Eating. Establish regular meal times and have only one place in the home destined to eat the meals. It is recommended to eat slowly and consciously chew; at the same time, you must avoid distractions like the television or mobile phone. Put just the amount that is to be eaten on the plate, and do not leave the serving dish on the table. It is advised to use small plates in order to limit the size of the serving.
Eating out. Eat a piece of fruit or a vegetable before going out, so as not to arrive excessively hungry. Drink water or tomato juice while waiting for the food, and avoid eating the bread or the aperitifs. Choose simple dishes and avoid sauces and fatty meals. Choose the accompaniments. Learn to eat by always leaving something on the plate. Always ask for seasonal fruit as dessert, and strictly limit the consumption of alcohol.
Sleeping. Maintain a routine schedule both for going to bed and for getting up. Avoid stimulants like coffee, tea, soft drinks, or chocolate. Choose light dinners, and take up a regular physical activity in order to improve sleep quality.
Family and social support. Involve family and friends in the improvement of eating habits. Encourage leisure activity within the family and social environment: visits to museums, cycling routes, excursions to the mountains… Looking for support groups to lose weight can be an extra motivation to maintain healthy habits and lifestyles.
Toxic habits. Caffeine and nicotine have both been linked to obesity. They both induce a stimulating effect that depends on the quantity taken. Greater consumption is more harmful because it increases anxiety and causes sleep problems (difficulty falling asleep, shallow sleep, etc.) that can last for 8–12 hours. Therefore, their consumption should be moderated or avoided altogether.

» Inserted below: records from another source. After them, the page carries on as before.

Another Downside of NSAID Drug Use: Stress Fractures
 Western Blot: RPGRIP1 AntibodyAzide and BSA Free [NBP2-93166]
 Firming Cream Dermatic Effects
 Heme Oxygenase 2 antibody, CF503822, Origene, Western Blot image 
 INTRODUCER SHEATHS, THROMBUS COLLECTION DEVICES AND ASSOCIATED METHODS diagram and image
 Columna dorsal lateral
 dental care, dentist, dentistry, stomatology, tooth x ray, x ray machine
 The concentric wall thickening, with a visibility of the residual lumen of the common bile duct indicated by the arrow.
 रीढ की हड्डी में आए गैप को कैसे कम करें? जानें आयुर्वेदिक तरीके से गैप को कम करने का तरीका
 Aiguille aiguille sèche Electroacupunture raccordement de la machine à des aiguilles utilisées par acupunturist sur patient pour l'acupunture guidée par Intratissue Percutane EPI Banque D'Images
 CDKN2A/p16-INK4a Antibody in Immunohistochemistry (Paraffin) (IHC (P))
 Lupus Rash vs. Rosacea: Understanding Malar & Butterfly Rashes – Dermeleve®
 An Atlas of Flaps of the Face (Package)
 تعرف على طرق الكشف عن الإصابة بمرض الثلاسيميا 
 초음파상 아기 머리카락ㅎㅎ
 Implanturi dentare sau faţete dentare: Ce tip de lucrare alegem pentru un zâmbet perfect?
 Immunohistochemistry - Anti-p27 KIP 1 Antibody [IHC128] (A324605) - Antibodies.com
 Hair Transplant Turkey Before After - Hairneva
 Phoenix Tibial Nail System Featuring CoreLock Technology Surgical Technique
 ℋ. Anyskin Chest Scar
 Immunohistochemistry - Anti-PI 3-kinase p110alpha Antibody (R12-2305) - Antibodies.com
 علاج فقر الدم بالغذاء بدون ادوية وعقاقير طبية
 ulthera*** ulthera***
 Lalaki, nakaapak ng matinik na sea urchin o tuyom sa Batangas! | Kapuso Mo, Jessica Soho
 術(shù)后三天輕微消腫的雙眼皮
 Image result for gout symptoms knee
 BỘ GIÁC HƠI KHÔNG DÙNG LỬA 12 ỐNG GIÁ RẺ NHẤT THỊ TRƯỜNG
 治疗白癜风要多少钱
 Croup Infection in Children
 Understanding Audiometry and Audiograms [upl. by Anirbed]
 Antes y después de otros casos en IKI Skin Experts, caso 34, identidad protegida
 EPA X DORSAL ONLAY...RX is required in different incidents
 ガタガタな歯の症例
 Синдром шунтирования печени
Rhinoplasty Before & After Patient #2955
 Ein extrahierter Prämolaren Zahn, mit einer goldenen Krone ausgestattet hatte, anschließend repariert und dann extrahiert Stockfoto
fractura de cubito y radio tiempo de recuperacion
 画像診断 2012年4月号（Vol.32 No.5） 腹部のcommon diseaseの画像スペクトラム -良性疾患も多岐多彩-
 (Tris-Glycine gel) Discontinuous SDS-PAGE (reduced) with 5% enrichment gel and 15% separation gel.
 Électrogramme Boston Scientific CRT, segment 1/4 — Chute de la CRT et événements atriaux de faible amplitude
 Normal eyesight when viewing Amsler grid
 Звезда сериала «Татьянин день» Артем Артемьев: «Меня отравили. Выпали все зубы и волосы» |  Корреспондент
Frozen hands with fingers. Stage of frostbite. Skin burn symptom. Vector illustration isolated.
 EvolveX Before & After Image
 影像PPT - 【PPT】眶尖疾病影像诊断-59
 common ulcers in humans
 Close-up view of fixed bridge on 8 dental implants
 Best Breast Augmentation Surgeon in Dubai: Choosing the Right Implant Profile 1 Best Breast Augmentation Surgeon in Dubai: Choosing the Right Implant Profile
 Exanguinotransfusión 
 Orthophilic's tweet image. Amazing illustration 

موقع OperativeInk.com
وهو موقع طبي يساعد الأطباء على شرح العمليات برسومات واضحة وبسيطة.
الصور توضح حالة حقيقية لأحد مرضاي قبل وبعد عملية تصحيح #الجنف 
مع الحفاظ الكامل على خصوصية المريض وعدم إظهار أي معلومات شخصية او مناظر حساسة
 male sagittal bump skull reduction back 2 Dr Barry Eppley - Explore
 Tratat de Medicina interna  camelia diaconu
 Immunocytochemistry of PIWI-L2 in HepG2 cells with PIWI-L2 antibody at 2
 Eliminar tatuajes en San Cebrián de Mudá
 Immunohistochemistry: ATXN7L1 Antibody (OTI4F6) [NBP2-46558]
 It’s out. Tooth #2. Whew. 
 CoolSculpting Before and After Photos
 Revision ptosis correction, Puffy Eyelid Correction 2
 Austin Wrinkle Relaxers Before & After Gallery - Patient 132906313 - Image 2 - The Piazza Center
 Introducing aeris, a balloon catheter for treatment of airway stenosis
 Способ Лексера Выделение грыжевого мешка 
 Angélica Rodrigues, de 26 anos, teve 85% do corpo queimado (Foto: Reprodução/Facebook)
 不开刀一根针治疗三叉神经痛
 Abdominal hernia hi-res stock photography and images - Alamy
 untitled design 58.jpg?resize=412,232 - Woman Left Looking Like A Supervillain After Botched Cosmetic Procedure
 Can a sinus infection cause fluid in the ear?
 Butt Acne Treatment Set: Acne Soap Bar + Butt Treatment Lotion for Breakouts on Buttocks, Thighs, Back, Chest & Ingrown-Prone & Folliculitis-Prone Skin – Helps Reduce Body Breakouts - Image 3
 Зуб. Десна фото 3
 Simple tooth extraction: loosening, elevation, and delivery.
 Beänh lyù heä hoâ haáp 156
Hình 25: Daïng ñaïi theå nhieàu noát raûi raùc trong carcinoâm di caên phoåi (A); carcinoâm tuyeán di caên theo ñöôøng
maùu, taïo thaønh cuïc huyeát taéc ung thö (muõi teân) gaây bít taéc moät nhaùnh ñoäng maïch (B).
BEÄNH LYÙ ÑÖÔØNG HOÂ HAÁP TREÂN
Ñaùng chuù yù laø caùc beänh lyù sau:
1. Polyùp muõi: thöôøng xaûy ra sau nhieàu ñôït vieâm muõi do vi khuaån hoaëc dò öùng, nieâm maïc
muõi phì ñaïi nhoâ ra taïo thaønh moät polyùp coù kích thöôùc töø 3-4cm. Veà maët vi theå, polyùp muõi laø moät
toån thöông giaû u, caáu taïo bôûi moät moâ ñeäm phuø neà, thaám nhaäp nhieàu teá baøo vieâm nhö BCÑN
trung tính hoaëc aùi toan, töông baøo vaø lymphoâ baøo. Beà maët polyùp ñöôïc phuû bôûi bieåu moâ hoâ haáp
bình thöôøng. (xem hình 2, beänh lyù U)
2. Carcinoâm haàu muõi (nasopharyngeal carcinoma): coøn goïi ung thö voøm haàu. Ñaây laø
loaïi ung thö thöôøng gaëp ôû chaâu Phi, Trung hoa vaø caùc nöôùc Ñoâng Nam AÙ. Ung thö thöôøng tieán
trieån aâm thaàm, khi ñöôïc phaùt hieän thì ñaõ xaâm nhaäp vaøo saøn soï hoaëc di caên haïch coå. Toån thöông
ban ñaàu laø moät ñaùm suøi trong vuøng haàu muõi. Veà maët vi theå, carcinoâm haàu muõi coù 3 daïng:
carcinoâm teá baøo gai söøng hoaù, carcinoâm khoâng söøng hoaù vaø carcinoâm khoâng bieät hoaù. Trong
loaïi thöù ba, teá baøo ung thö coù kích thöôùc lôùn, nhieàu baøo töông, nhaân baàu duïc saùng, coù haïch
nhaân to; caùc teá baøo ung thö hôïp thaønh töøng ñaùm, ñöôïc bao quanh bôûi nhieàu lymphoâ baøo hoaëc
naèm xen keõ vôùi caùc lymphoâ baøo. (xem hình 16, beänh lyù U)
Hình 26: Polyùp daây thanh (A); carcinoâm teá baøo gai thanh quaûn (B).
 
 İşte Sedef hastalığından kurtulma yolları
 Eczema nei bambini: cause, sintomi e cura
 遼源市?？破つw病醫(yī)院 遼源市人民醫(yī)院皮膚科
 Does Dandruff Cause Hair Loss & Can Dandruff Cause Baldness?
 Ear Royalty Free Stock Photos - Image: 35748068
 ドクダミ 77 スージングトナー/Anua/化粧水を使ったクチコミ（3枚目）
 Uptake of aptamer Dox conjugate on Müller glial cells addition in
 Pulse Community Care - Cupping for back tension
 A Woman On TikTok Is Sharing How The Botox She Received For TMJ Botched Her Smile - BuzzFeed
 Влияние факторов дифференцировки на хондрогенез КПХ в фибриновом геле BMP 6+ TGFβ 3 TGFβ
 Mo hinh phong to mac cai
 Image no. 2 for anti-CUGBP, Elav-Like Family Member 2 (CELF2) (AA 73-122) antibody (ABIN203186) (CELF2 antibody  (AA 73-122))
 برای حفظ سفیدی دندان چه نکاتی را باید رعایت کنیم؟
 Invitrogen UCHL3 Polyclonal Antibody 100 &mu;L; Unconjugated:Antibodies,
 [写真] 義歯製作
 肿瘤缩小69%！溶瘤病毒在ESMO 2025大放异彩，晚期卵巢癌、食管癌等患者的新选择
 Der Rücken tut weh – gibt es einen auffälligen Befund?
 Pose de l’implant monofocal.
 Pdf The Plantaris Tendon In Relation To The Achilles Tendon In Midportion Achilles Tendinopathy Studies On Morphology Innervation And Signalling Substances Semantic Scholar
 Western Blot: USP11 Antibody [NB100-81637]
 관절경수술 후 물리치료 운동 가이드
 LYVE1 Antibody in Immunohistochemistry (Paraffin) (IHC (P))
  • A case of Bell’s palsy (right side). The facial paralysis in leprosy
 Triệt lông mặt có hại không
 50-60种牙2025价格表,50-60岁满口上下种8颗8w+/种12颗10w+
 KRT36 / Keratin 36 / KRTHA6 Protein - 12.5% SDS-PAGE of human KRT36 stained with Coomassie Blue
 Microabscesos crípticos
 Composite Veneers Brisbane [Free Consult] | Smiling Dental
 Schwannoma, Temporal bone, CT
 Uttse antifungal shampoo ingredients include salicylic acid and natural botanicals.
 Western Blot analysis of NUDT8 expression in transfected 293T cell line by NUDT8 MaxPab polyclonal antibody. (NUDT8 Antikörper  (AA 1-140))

Alcohol consumption must be limited or eliminated if you want to control your weight as it increases your intake of unnecessary calories and displaces the consumption of more nutrient-dense foods. What is more, its effect on mood and ability to reduce inhibition can result in the consumption of inappropriate foods. It is particularly important to control alcohol consumption in the case of respiratory conditions such as sleep apnoea/hypopnoea syndrome, which are prevalent in cases of severe obesity.
Mood and behavioural alterations due to the consumption of other toxic substances such as cannabis, cocaine, etc., can have a negative impact on healthy eating patterns.